(Extracted data entries)
"""

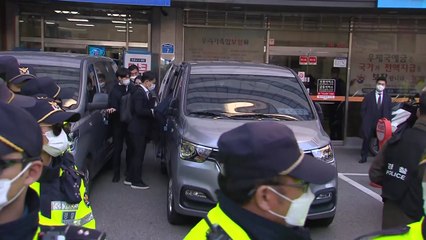 검찰, 민주연구원 압수수색 완료...문서파일 확보 / YTN
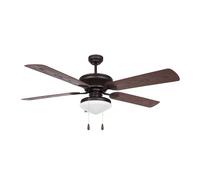 Orbegozo CP 73132 Ventilateur de Plafond Extérieur - Protection IP23 - 3 Vitesses - Système Réver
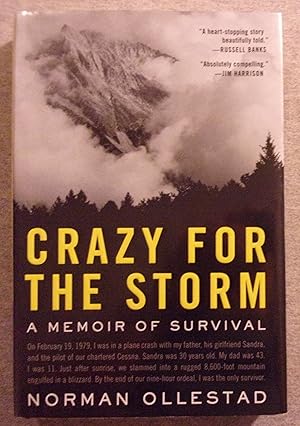 Seller image for Crazy for the Storm: A Memoir of Survival for sale by Book Nook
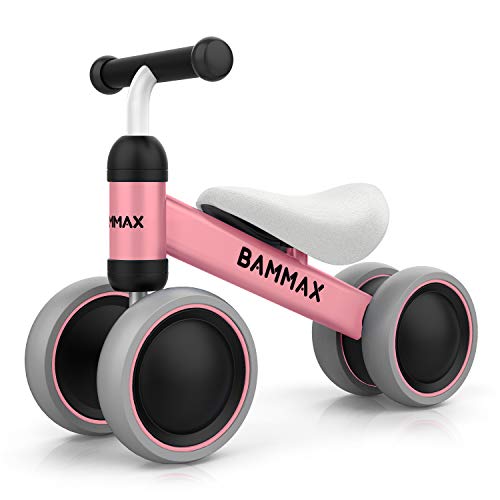 Bammax Vélo Bébé Draisienne pour Bébé de 1 an-18 Mois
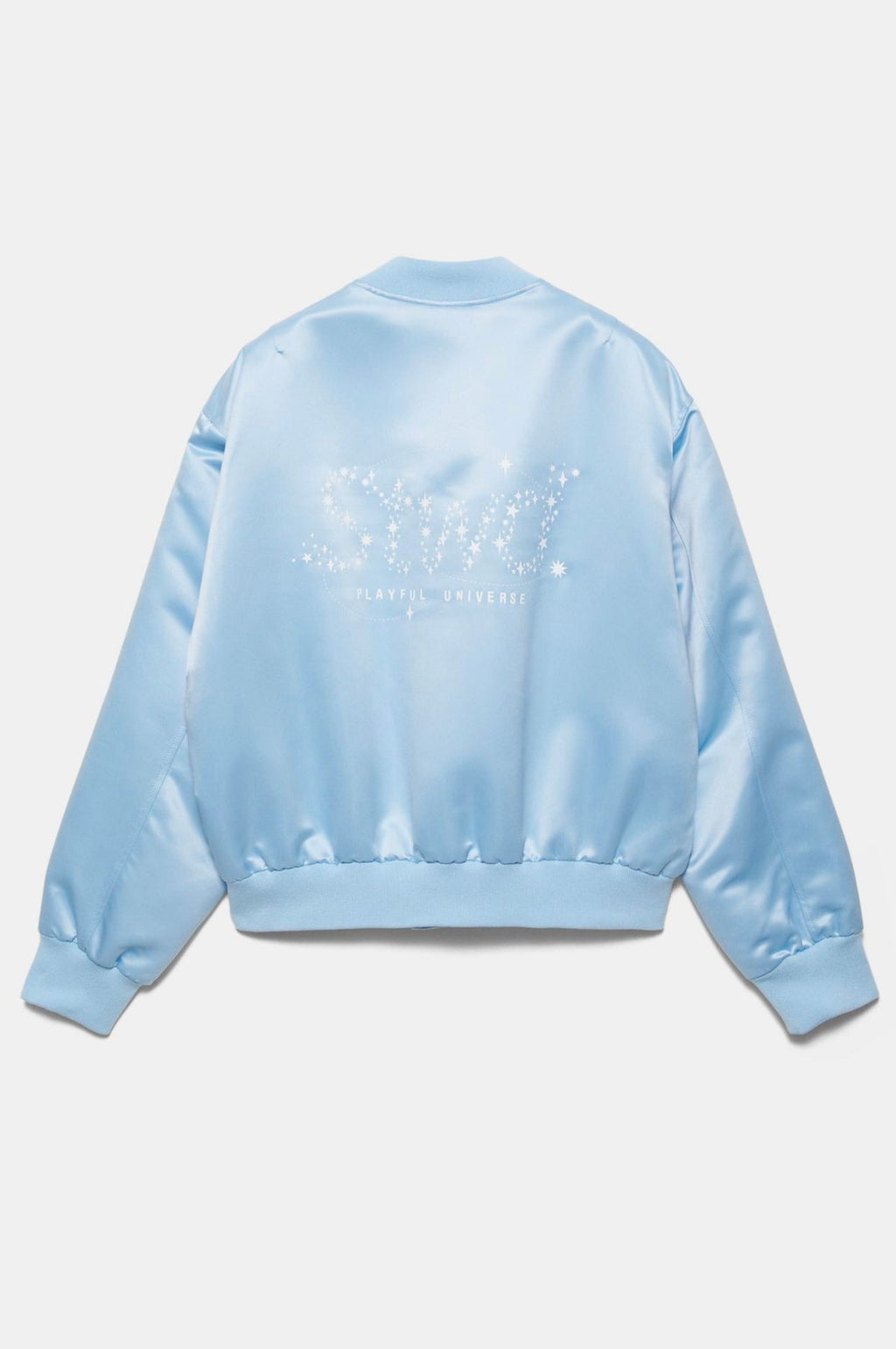 BOMBER JACKET - P&B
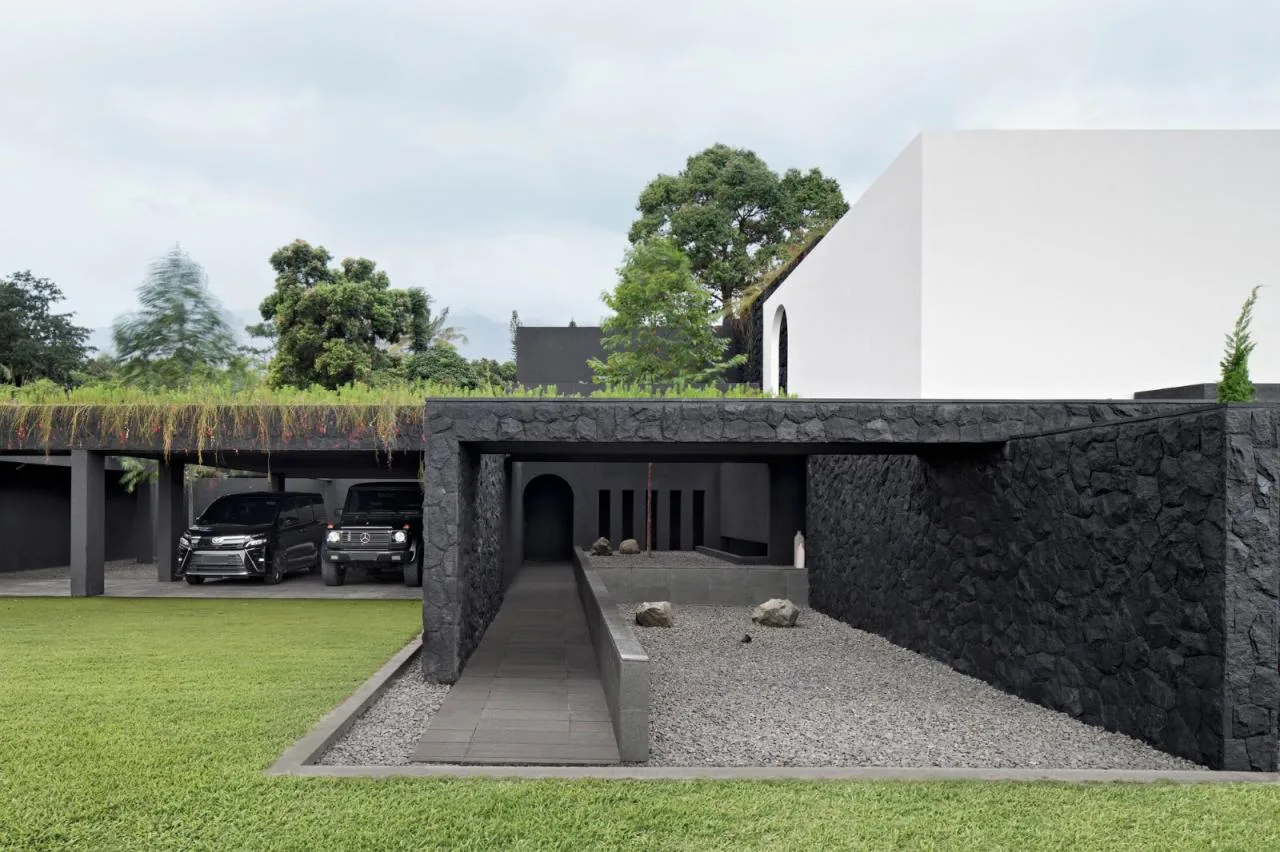 BIM Architecture | Villarci Residential/Gets Architecture Firm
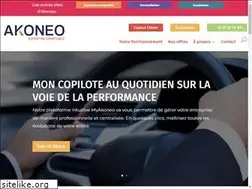 Sites similar to akoneo-expertise.fr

"""

● What this task involves: Could you write out, word for word, the lines from the one containing "BIM Architecture |" through the last line of the records, leaving out the pictures?

● Result below:
 BIM Architecture | Villarci Residential/Gets Architecture Firm
 Sites similar to akoneo-expertise.fr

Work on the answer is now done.